18 Creative Ways to Save This Year

By Janeen Lewis

Whether you’ve recently lost wages, or saving money is a new goal, here are some out-of-the box ideas to help.

Be a cherry picker. I visit a grocery store in my neighborhood because it has great Buy One Get One free items (BOGOs). On average, the rest of the items in the store cost more. When cherry picking, buy the sales items, but save other shopping for less expensive stores.

Let someone else grocery shop for you. Grocery pick-up saves time, stops impulse buys, and keeps a running total during online shopping. If you go over your budget, uncheck unnecessary items before finalizing your order. I chose a pick-up service that takes coupons, and my coupon savings exceeded the fee.

Make restaurant-quality food at home. Dining out is a budget blower. Invest in a virtual cooking class, check out online cooking tutorials, or ask a friend who is a good cook for recipes.

Barter. One of my friends liked the character birthday cakes I made when my kids were young. She was good at creating videos from our family footage, so we bartered. Trade services with a friend and save.

Swap party! Get needed items free. Organize a safely distanced swap party online or on your patio. Decide on a theme. Be clear about how to rate the condition of items and how many items each guest contributes. Send a listing of items and agree on socially-distanced ways to make exchanges.

Find missing money. You could be missing money and not even know it. For example, if you moved and a utility company owed you a deposit and couldn’t contact you, the money went into an unclaimed property fund. To learn more, visit usa.gov/unclaimed-money. To search your name for missing money, go to missingmoney.com or unclaimed.org.

Give up the ghost. Standby power, or phantom power, is energy that household items use when they are off, but plugged in. Items with digital displays and computers with monitors and printers can be standby power hogs. Unplug everything at night for a month. Monitor the electric bill for a difference. For more information, visit standby.lbl.gov.

Round up savings. Trick yourself into saving money. Round up to the next dollar when you record a check. At the end of the month, you’ll have a surplus. Your banking institution may offer this feature, or there are round up apps.

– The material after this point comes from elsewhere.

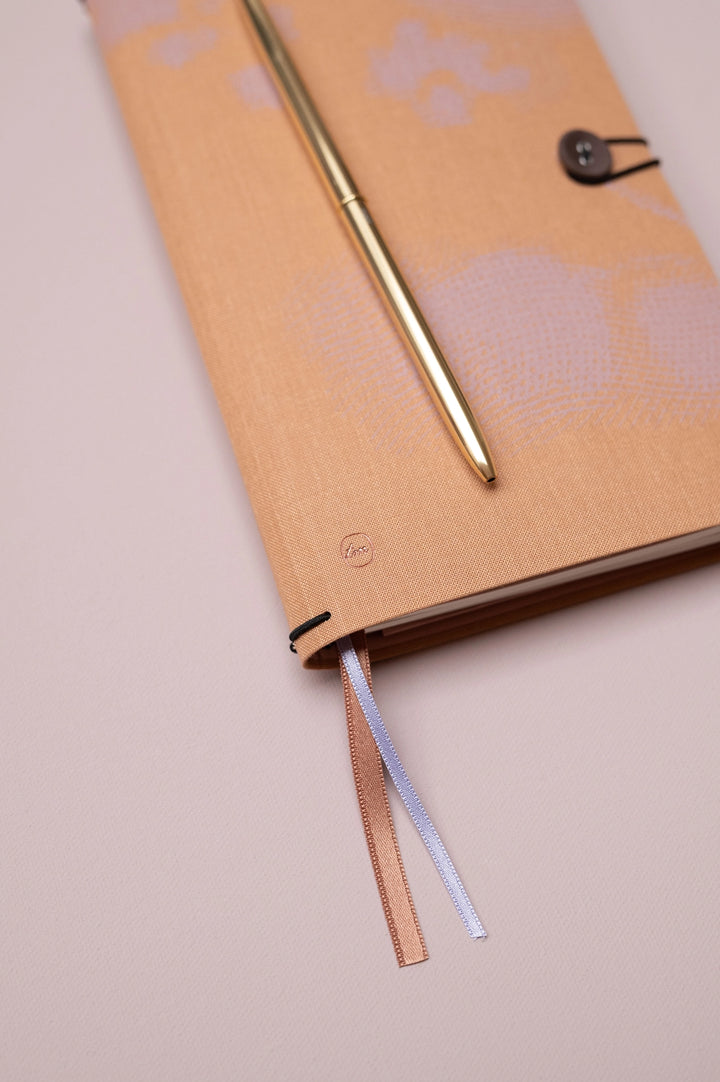 tinne mia button notebook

Start a “kick it” jar. Unhealthy habits and shopping addictions like smoking or buying dozens of expensive shoes are costly. Start a “kick it” jar. When the urge to splurge strikes, put money in the jar. As you see the money grow, so will resolve to kick the habit.

Keep the change. Collect loose change in a jar at the end of the day. A mere 50 cents a day savings will add up to almost $200 annually. As a family, save to pay off a debt or make a fun purchase.

Cruise to savings. Set the cruise control within the speed limit on the interstate, and don’t speed on smaller roads. Not speeding is fuel-efficient, and tickets are costly.

Calculate your time. When you consider purchasing a non-essential item, calculate how many hours you have to work to pay for it. Is your time worth the purchase?

Don’t spend a bundle on your new bundle of joy. Babies don’t know what the Gap is. They won’t care how much that designer crib cost when they sink those brand new toddler teeth into the bed rail. Look for inexpensive, but safe furniture and gear. Keep them dry, fed, warm and loved. They’ll be content.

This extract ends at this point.